Corporate Team of the Year
For this award, consideration will be given to mergers and acquisitions work, as well as disposals, joint ventures and equity capital markets listings. It is not the value of the deal that will concern judges as much as evidence of outstanding transactional advice and commitment to the client in the context of one exceptional deal.
Advising Lavendon Group on an unsolicited takeover approach from the Belgian company TVH. This led to a takeover battle with rival French group Loxam, which saw the initial bid of 205p a share rise to Loxam’s final successful bid of 270p a share (£427m in total). The firm facilitated each competing offer.
Slaughter and May - HIGHLY COMMENDED
Jonathan Marks, Paul Mudie, Roland Turnill
Slaughter and May advised Standard Life on its £11bn merger with Aberdeen Asset Management, the largest European asset management deal of 2017. The timeline of the merger, given its scale, was one major challenge - Standard Life announced its offer on 6 March and the deal was closed on 14 August, following regulatory approval in 27 jurisdictions.
Freshfields Bruckhaus Deringer
Advising Henderson Group, on its all-share merger with Janus Capital. The transatlantic nature of the deal, with Henderson listed on the LSE and Janus listed on the NYSE, as well as the fact that Janus’ largest shareholder was the Japanese life insurance company Dai-ichi, required an integrated global approach.
Advising IP Group on its hostile takeover of its AIM-listed rival, Touchstone Innovations.
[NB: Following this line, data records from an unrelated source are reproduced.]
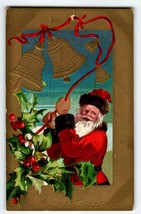 Santa Claus Christmas Postcard Saint Nick Rings Gold Bells Embossed 1909 AMP - £12.63 GBP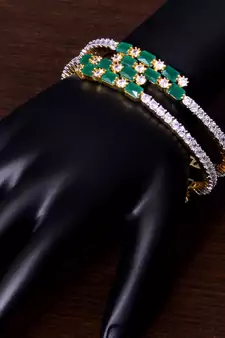 Emerald and AAA CZ Embellished AD Bangles BD409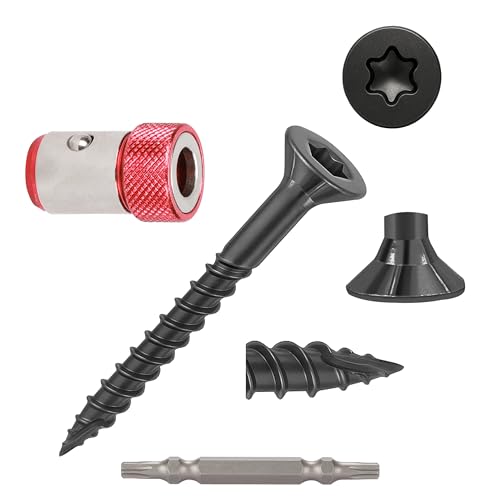 Wood Screws Black #4 × 1-1/4 inch Torx Star Drive Deck Screws Flat Head M3 × 30 Countersunk T10 Self Tapping Thread Cut 200pcs Carbon Steel Galvanized Very Small Size Screw(200PCS/Small Box Black) - color: Black, size: #4×1-1/4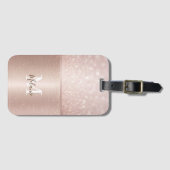 光エレガント輝バラ金ゴールド金属グラムモノグラム ラゲッジタグ (正面横)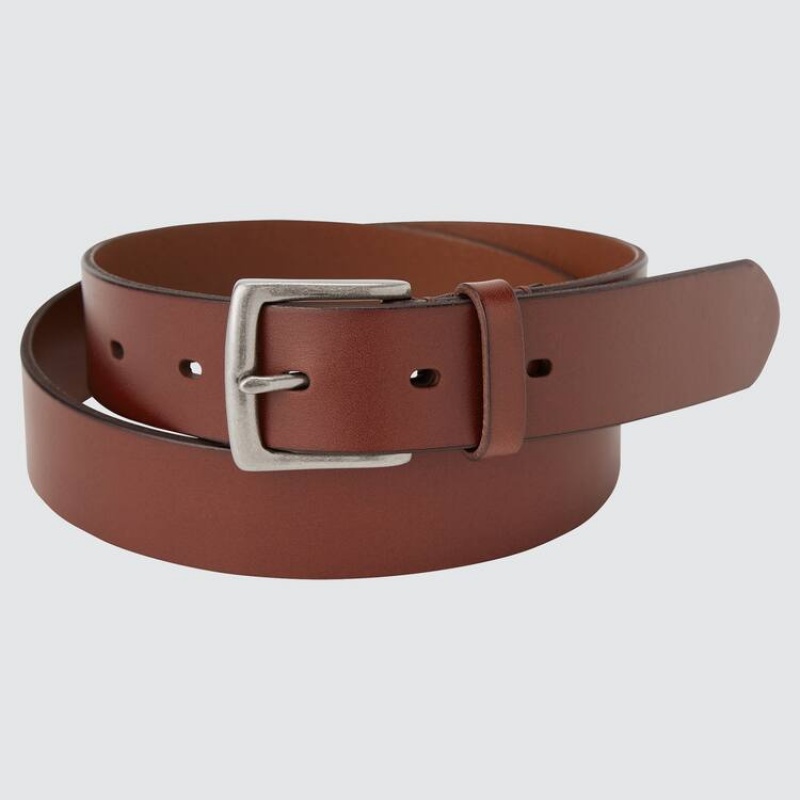 Uniqlo Italian Leather (2021 Season) Men\'s Belts Brown | DMIWUY815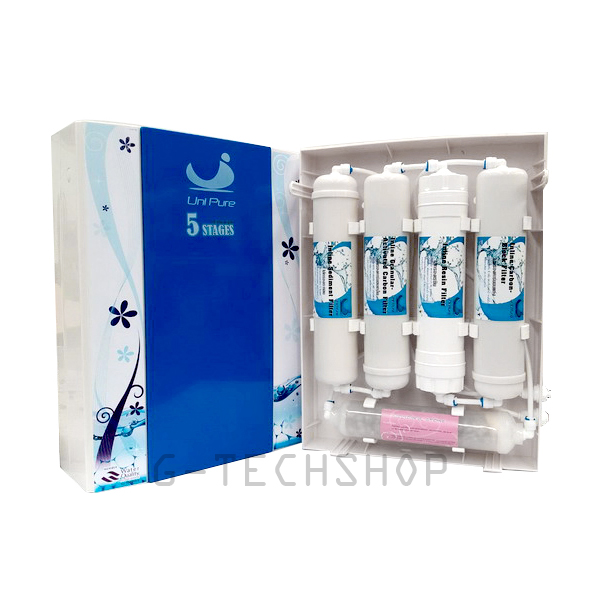 เครื่องกรองน้ำ 5 ขั้นตอน แขวนผนัง Uni Pure (Blue) – 2 in 1 (Carbon & Mineralizer)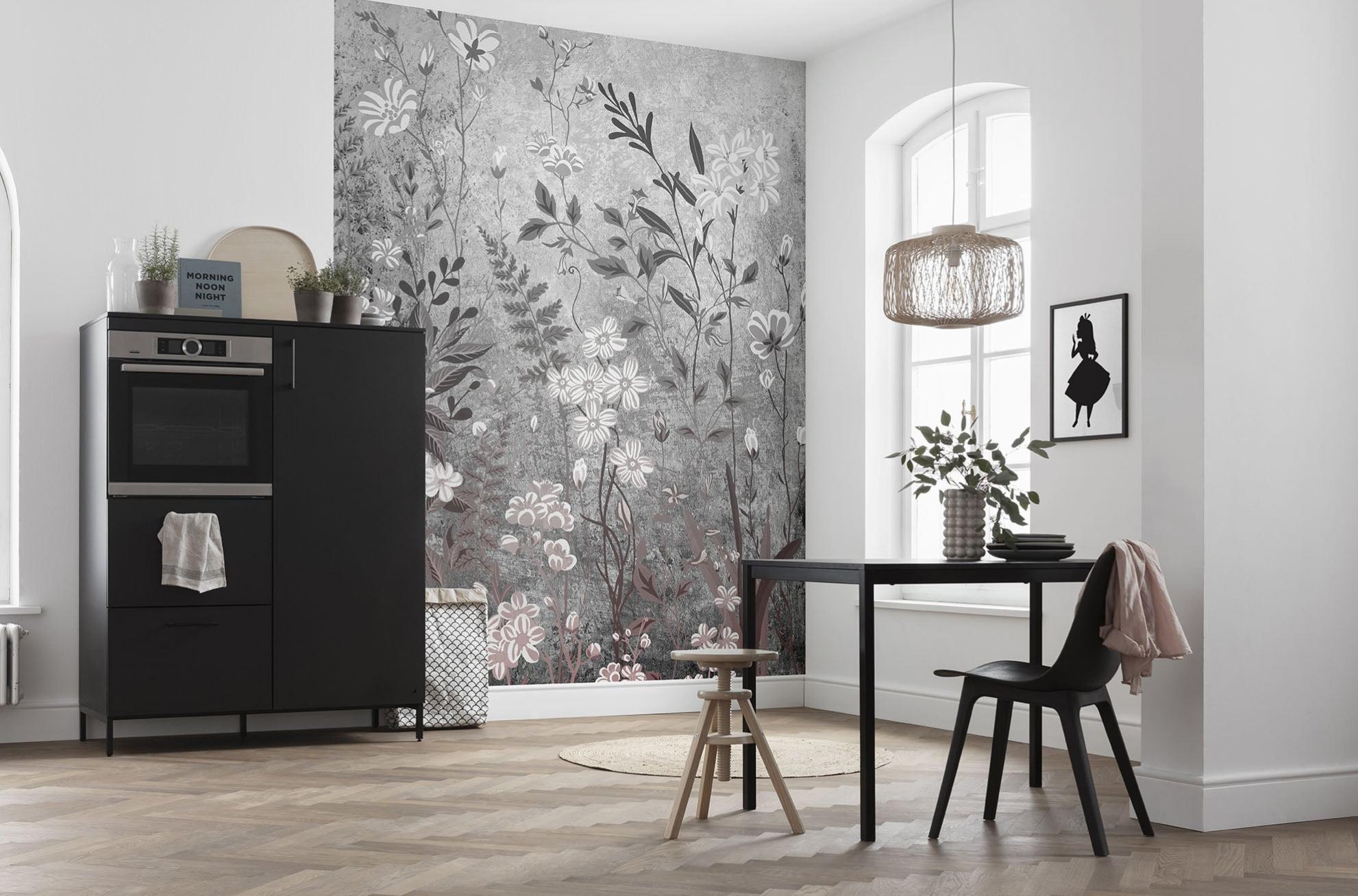 Papier peint panoramique LE JARDIN moon flower noir, l.200 x H.250 cm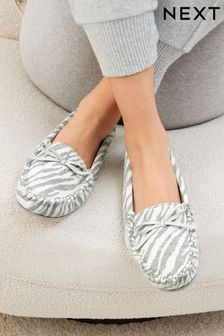 Grey Zebra Faux Fur Lined Moccasin Slippers (C90338) | $27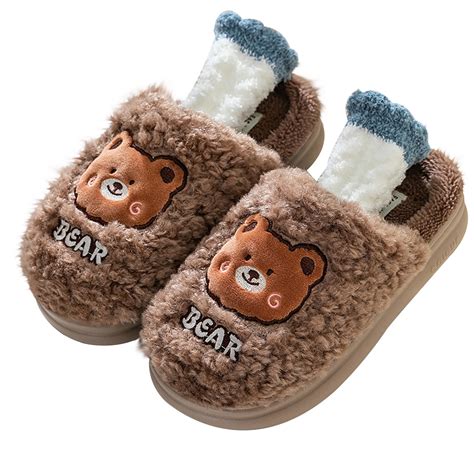 Lovskoo Men S And Women S Fuzzy Slippers Novelty Flat Fluffy Non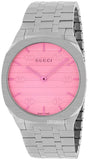 Gucci 25H Quartz Pink Dial Silver Steel Strap Watch for Women - YA163410 Authentic Buy Shop Now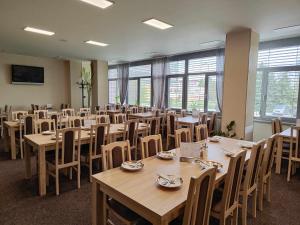 jadalnia ze stołami, krzesłami i oknami w obiekcie Hotel Panon w mieście Hodonín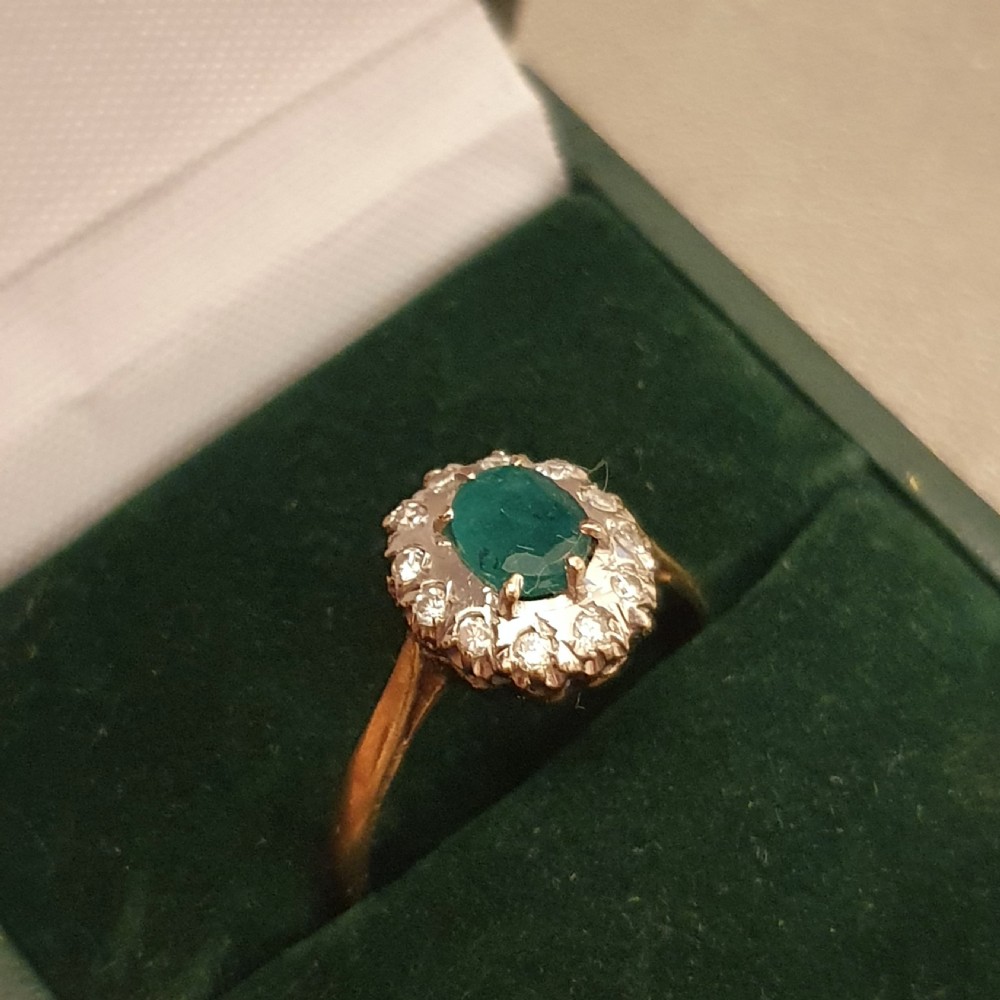 1930s Art Deco Emerald & Diamond Platinum 18ct Gold Ring - Size P½ View XIV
Three major Touchstone shareholders wanted to pursue the offer, which resulted in the £490m hostile takeover. Pinsents successfully navigated its client through extensive negotiations with remaining shareholders, while ensuring that a mandatory bid was not triggered while the negotiations were underway.
Skadden, Arps, Slate, Meagher & Flom
Lorenzo Corte, Scott Simpson
Representing Konecranes on its $1.5bn acquisition of Terex Corporation’s material handling and port solutions business. A merger of equals was initially agreed in 2015, but was delayed following a competing bid from Chinese state-owned crane company Zoomlion. This triggered a Force-the-Vote clause in the original merger deal, highlighting US national security and funding risks from the Chinese bid.
Sullivan & Cromwell
Tim Emmerson, Ben Perry, Olivier de Vilmorin
Advising French-listed Elis on its $2.76bn takeover of UK-listed rival Berendsen, which was undergoing an extensive operational restructuring at the time. The transaction was initially announced as a hostile takeover, but after some negotiation, Elis upped its bid and the deal was structured as a scheme of arrangement.